- Exercise:
For this exercise, return all the data word for word, with images left out.

- Source data:
# # # #

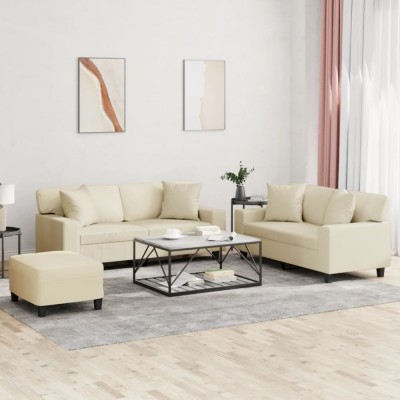 vidaXL Set de canapele cu perne, 3 piese, crem, piele ecologică foto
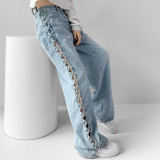 Hollow Out Wide-Leg Denim Pants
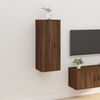 vidaXL Wall Mounted TV Cabinet Brown Oak Engineered Wood 15.7x13.6x39.4 in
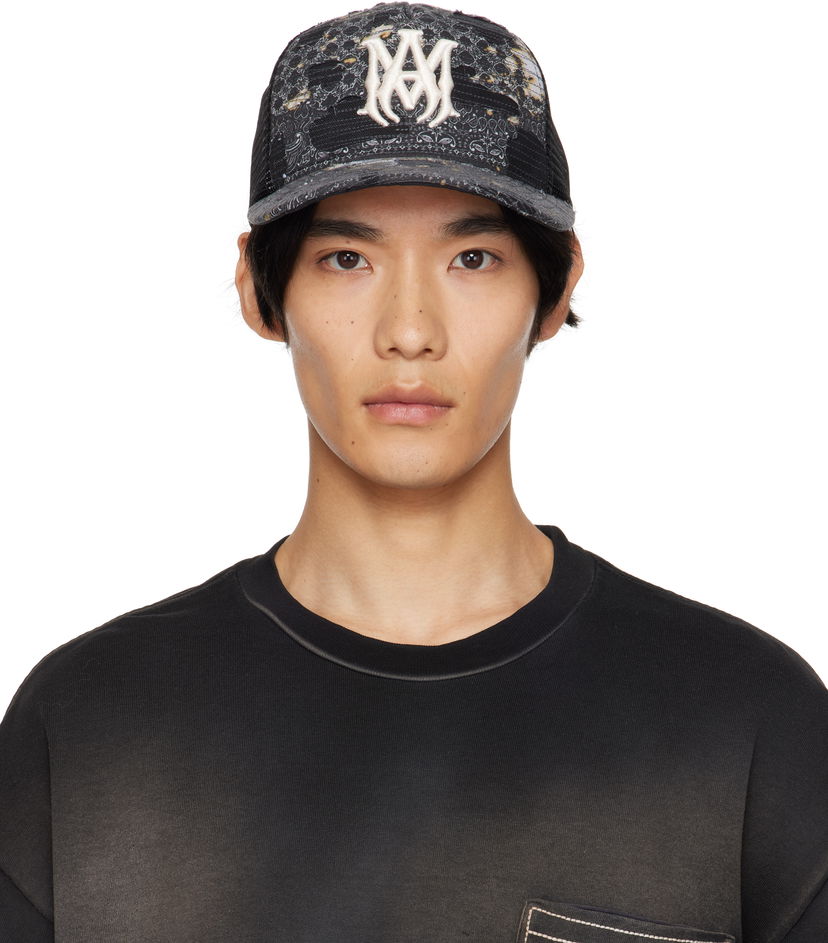 Korkki AMIRI AMIRI Bandana Repair Trucker Cap Musta | AMHATR1028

# # # #

- Answer section:
 vidaXL Set de canapele cu perne, 3 piese, crem, piele ecologică foto
 Hollow Out Wide-Leg Denim Pants
 vidaXL Wall Mounted TV Cabinet Brown Oak Engineered Wood 15.7x13.6x39.4 in
 Korkki AMIRI AMIRI Bandana Repair Trucker Cap Musta | AMHATR1028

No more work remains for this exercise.